Records from a data collection:
>>>

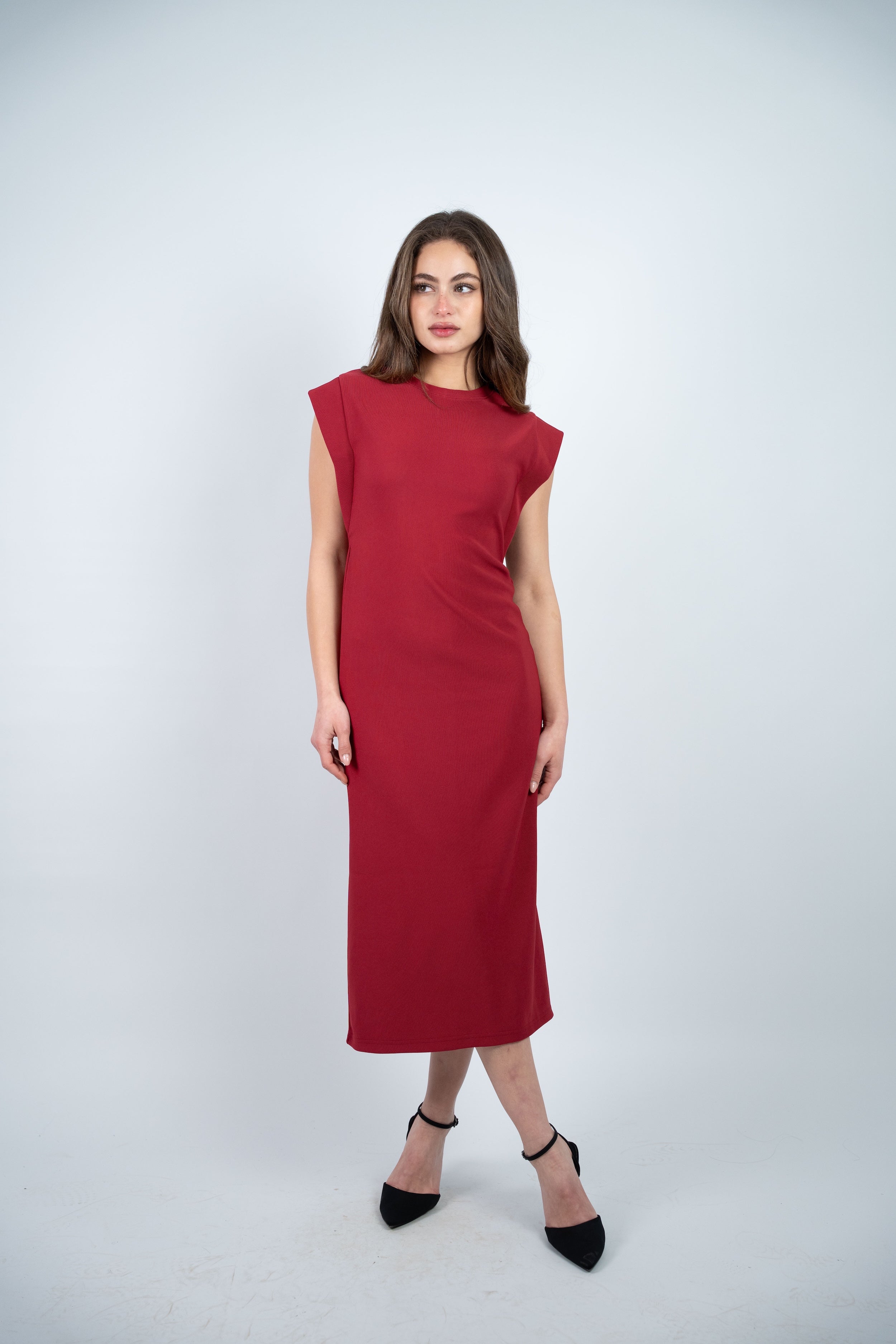 RIBBED MIDI DRESS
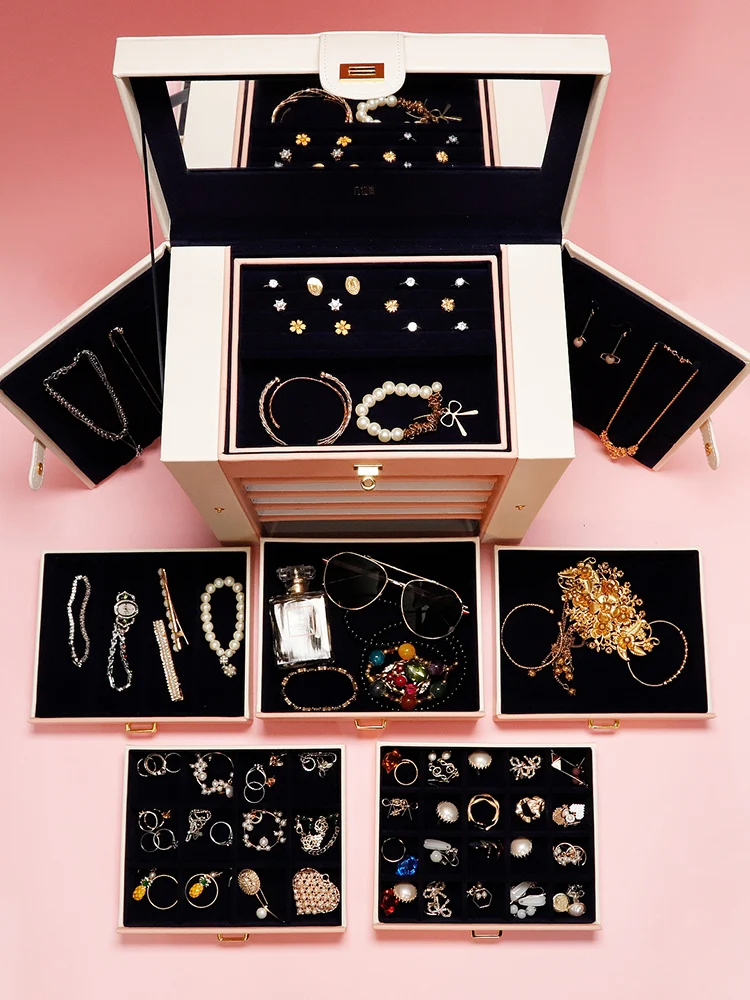Luxury Jewelry Organizer Storage Box Large Capacity Multi Layer Jewelry Box Earrings Display Organizer for Cosmetics Gift Ideas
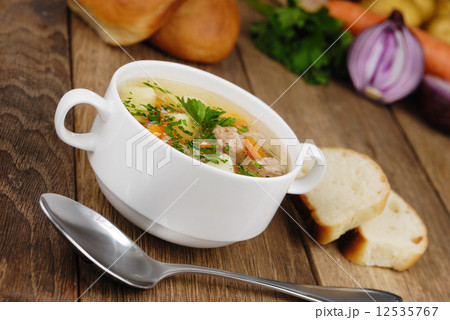 Meatballs soup Meatballs soup 12535767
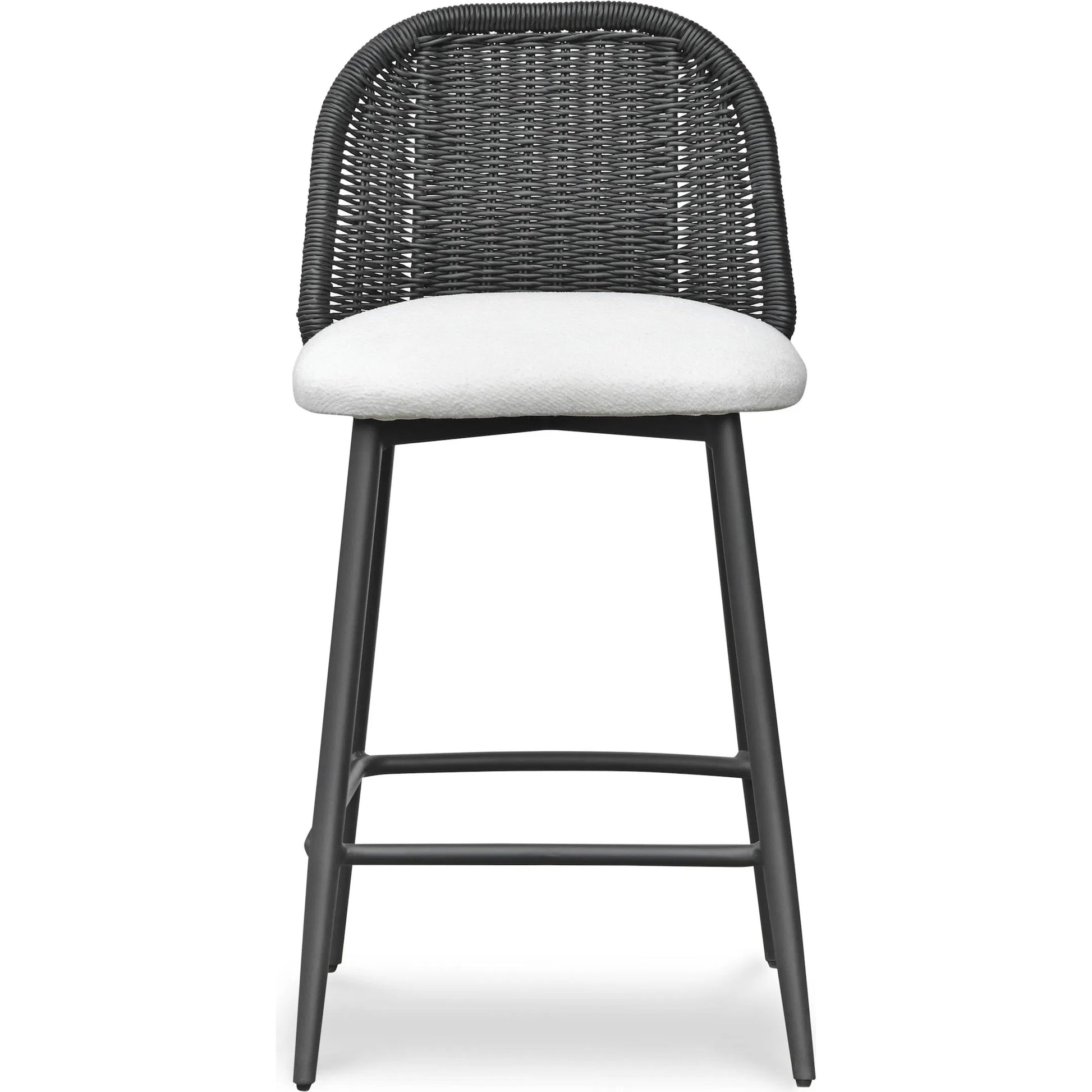 Alexa Performance Fabric Outdoor Counter  Stool by TOV Furniture in black. Made from aluminum, polyester, wicker in a unique style.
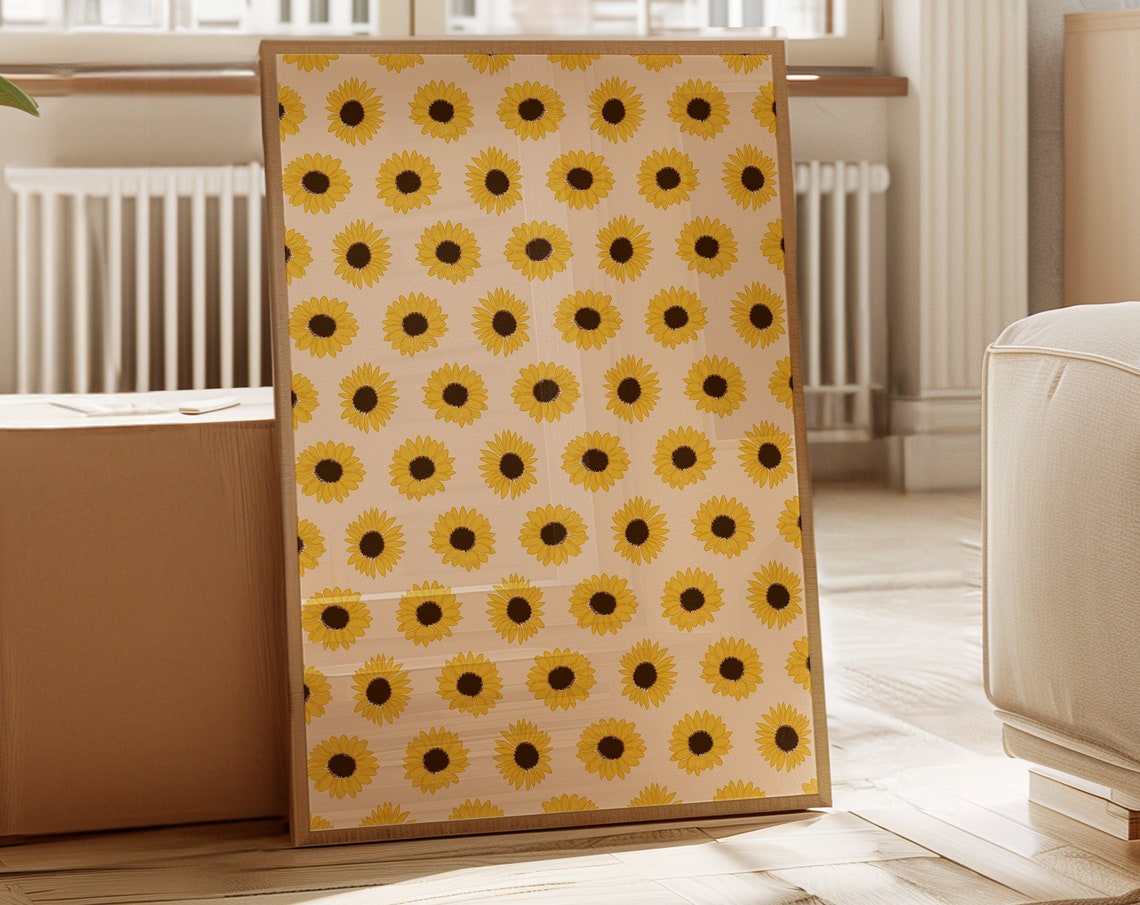Small Yellow Sunflower Dot Pattern Beige Vintage Floral Poster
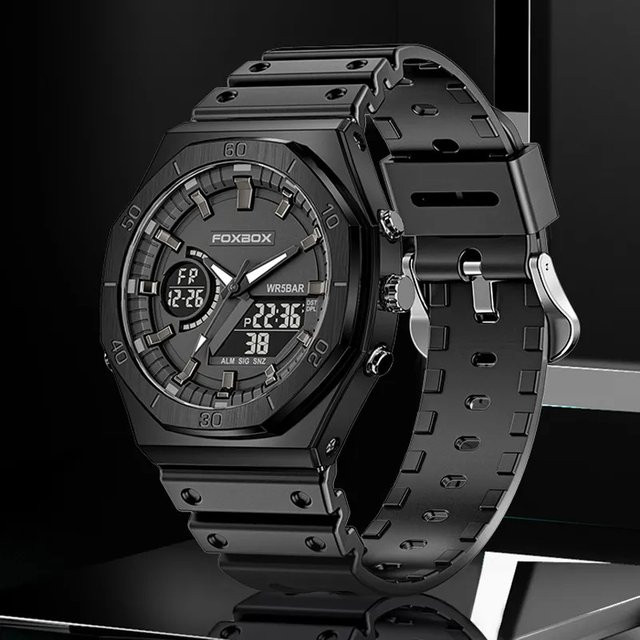 Lige Armbanduhr Chronograph, Quarz, Silikon, Schwarz, Herren - Bild 1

<<<

BRIEF:
No images belong in the copy. Transcribe every record exactly.

TASK SOLUTION:
 RIBBED MIDI DRESS
Luxury Jewelry Organizer Storage Box Large Capacity Multi Layer Jewelry Box Earrings Display Organizer for Cosmetics Gift Ideas
 Meatballs soup Meatballs soup 12535767
 Alexa Performance Fabric Outdoor Counter  Stool by TOV Furniture in black. Made from aluminum, polyester, wicker in a unique style.
Small Yellow Sunflower Dot Pattern Beige Vintage Floral Poster
 Lige Armbanduhr Chronograph, Quarz, Silikon, Schwarz, Herren - Bild 1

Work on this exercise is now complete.